AJ: Nous travaillons en ce moment sur la question de la restitution des objets culturels africains. Felwine Sarr et Bénédicte Savoy, auteurs du rapport commandé par le président Macron sur la question1, ont effectué un travail de débroussaillage important et, à la suite de cette étude, nous avons proposé de travailler sur les lieux de cette restitution, car les objets (masques, armes, statuettes, etc.) ne peuvent pas simplement être entassés dans un nouveau musée, comme on l’a fait en Europe. Ces objets ont été créés dans un certain contexte qu’il faut pouvoir reconstituer aujourd’hui et sur lequel il faut se positionner. Certains objets ne pouvaient pas être vus par certaines catégories de personnes, des femmes ou des hommes, par exemple, mais ont été exposés dans des galeries en Europe. Que faut-il en faire? Peut-être doivent-ils aller dans l’espace public, à la croisée de chemins qui soutiennent des significations associées à l’œuvre, jadis ou aujourd’hui. Je n’ai pas de réponse, mais les étudiants devront réfléchir et innover. Comme ce problème concerne d’autres pays, nous construisons d’abord des échanges avec d’autres écoles – y compris occidentales.

La question de l’identité semble centrale dans votre approche pédagogique.

MJCT: «La personne qui te prête des yeux te commandera où regarder», dit un proverbe wolof. Si nous ne pensons pas nous-mêmes notre développement, quelqu’un d’autre le fera. C’est ce qui se passe encore aujourd’hui. Il faut qu’on se décomplexe, qu’on assume notre identité africaine, avec ses qualités et ses défauts, mais sans pour autant aller contre l’Europe. C’est la relégation de l’Afrique qui nous est problématique. Un échange ne peut être intéressant que si nous sommes conscients de qui nous sommes. En plus des lectures sur l’architecture, nous proposons des textes de Cheikh Anta Diop2 ou Les Damnés de la terre de Frantz Fanon (1961) car la plupart de nos étudiants n’ont aucune idée des luttes qui ont été menées pour libérer l’Afrique. Notre combat pour l’architecture africaine n’est qu’une petite partie de celui que ces gens ont livré. Il faudrait prendre l’architecture comme un livre qui nous donne des indications sur l’état réel de la société, au moment où elle a été produite. Felwine Sarr, qui est aussi le cofondateur des Ateliers de la pensée, a été invité et a donné un cours magistral lorsque nous fêtions les cinq ans du Collège, le 8 mars 2014, et dont certaines parties ont été reprises dans son livre Afrotopia (2016). Nous tissons des liens avec d’autres enseignants d’architecture en Afrique lusophone ou anglophone, lors de séminaires où le niveau de réflexion sur l’identité est très élaboré. Ces échanges ne sont pas médiatisés mais ils pourraient mener à une sorte d’«Ateliers de la pensée» architecturale.

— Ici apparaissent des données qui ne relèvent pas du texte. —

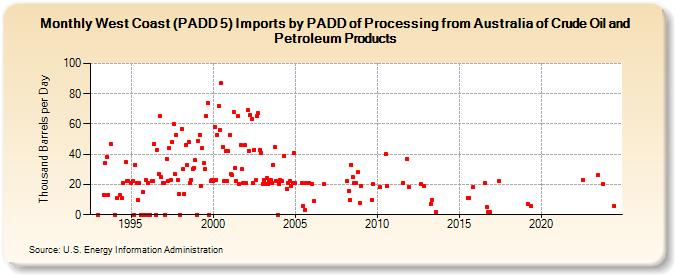 West Coast (PADD 5) Imports by PADD of Processing from Australia of Crude Oil and Petroleum Products (Thousand Barrels per Day)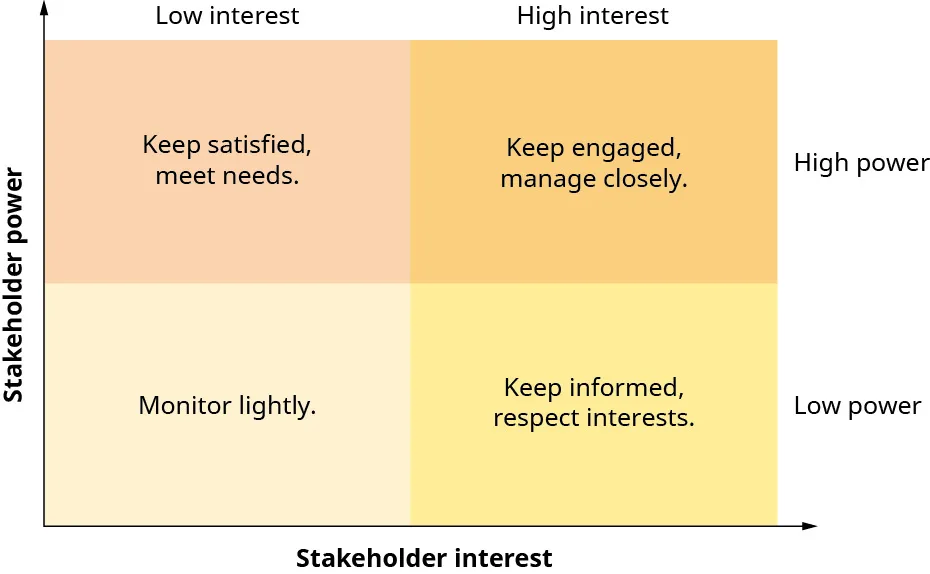 Figure 3.5 Stakeholder priority can be expressed as a relationship between the stakeholder group’s influence or power and the interest the stakeholder takes in the relationship. (attribution: Copyright Rice University, OpenStax, under CC BY NC-SA 4.0 license)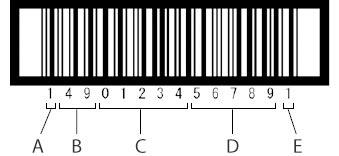 Itf Und Standard Distribution Code Grundlagen Zu Strichcodes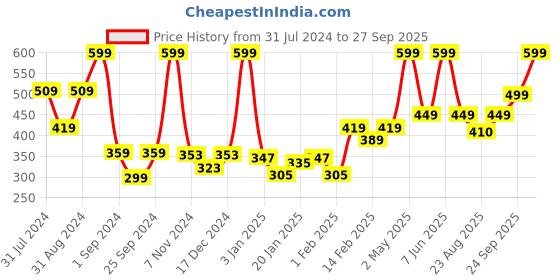 myntra.com Gini and Jony Girls Typography Printed Cotton T-shirt gini and jony Price History Graph from 31 Jul 2024 to 27 Sep 2025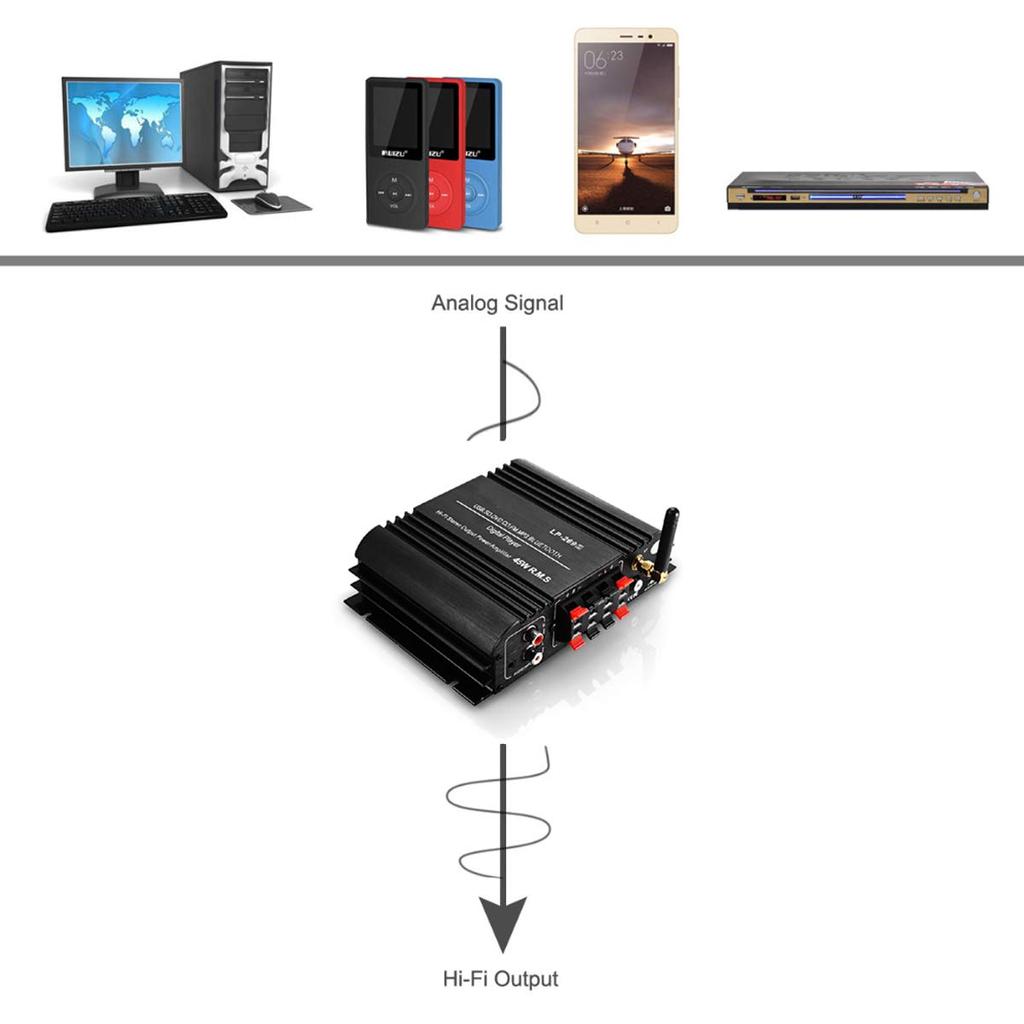 Автомобильный усилитель Bluetooth, цифровой проигрыватель HIFI, стереозвук, мощность 2 канала, 45 Вт, поддержка домашнего мультимедиа, SD, USB, FM, MP3, DVD, CD, LP-269S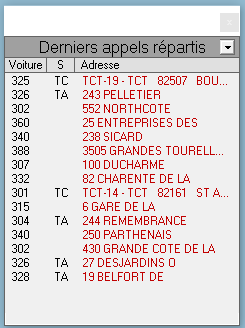 Fichier:Capture liste d'appels répartis supplémentaire.png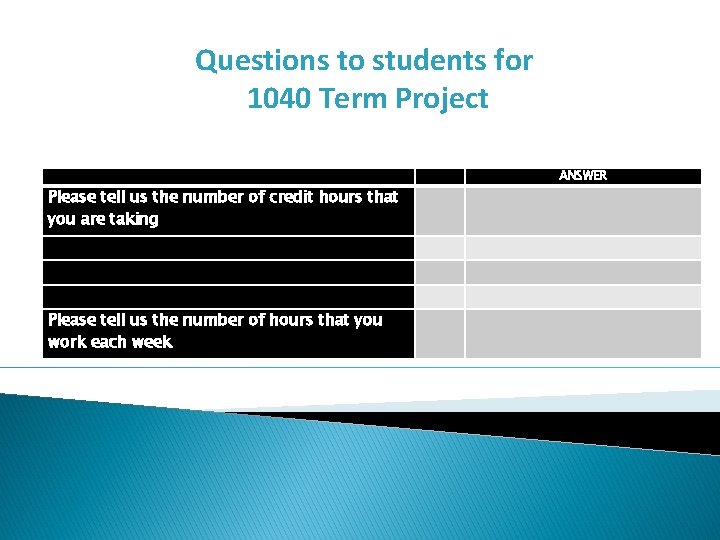 Questions to students for 1040 Term Project Please tell us the number of credit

Annie Jouga est architecte, enseignante et cofondatrice du Collège universitaire d’architecture de Dakar, ancienne adjointe du Maire de l’île de Gorée (2002-2022).

Mamadou Jean-Charles Tall est architecte, enseignant, et cofondateur du Collège universitaire d’architecture de Dakar.

Notes

 

1 Felwine Sarr et Bénédicte Savoy, Rapport sur la restitution du patrimoine culturel africain. Vers une nouvelle éthique relationnelle, novembre 2018 — Restitutionreport2018.com

 

2 Cheikh Anta Diop (1923-1986), historien, anthropologue et homme politique sénégalais. Père de l’afrocentricité, il livre une histoire de l’Afrique précoloniale et défend une thèse qui établit un lien entre les cultures subsahariennes et celles de l’Égypte antique.